A reconfigurable multi-feed antenna system in accordance with the
present invention comprises a reflector for reflecting RF signals
having a reflector plane and a feed array comprising a plurality of
feed elements wherein said feed array is defocused from said
reflector focal plane, yet produces an RF wavefront substantially
similar to an RF wavefront that would be produced by a feed array
located at the reflector focal plane.
A feed network in accordance with the present invention comprises a
BFN comprising a signal divider for dividing an input signal into a
plurality of divided signals, a plurality of variable phase
adjusters, each receiving one of the plurality of divided signals
and outputting a phase adjusted signal, and at least one fixed gain
amplifier for amplifying each phase adjusted signal and outputting
an amplified signal for each phase adjusted signal. The feed
network further comprises a feed array, defocused from a reflector,
comprising a plurality of feed elements, each receiving an
amplified signal and radiating a radiated signal, wherein the
combination of the radiated signals forms a wavefront.

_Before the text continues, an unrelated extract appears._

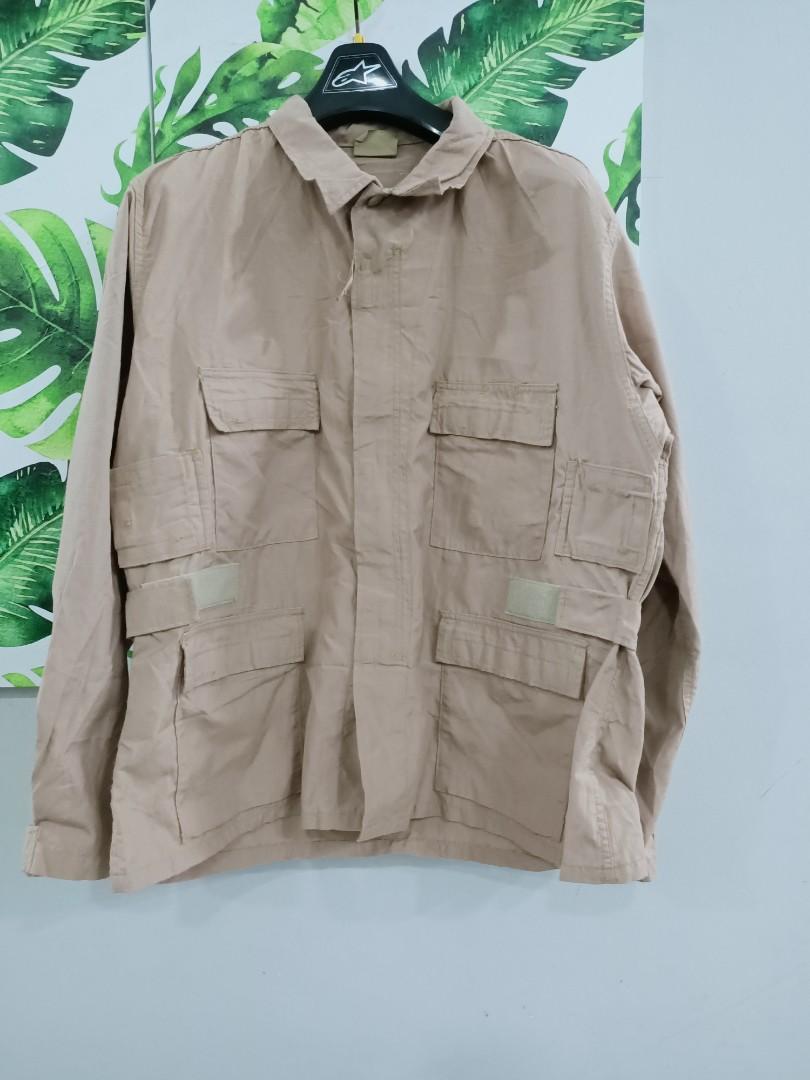 Tan on sale army jacket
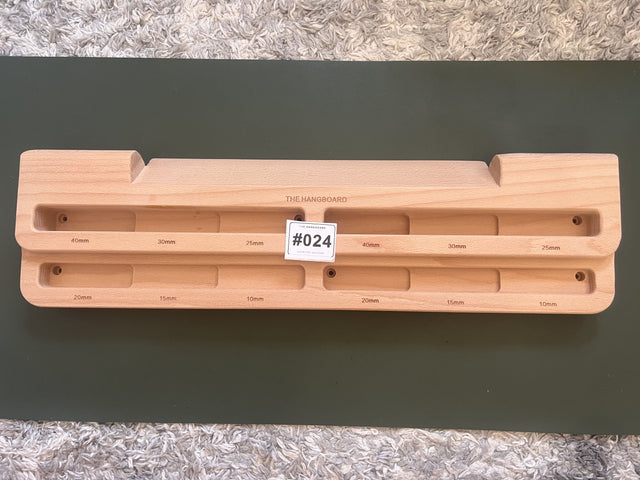 The Hangboard Cosmetic #024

A method of transmitting a signal in accordance with the present
invention comprises forming an RF wavefront with a feed array,
wherein said feed array is defocused from a reflector focal plane,
yet produces an RF wavefront substantially similar to an RF
wavefront that would be produced by a feed array located at the
reflector focal plane and reflecting said wavefront to a coverage
area.
The foregoing allows the use of a constant value for the gain at
each feed element which in turn enables three fundamental
advantages of the present invention. First, the present invention
provides the advantage that the amplifiers feeding the elements
have a fixed operating power level, regardless of the coverage
shape. Second, reconfiguring the beam coverage does not require
switching power among feeds. Third, the overall antenna feed system
is less complex and simpler to control than prior art systems.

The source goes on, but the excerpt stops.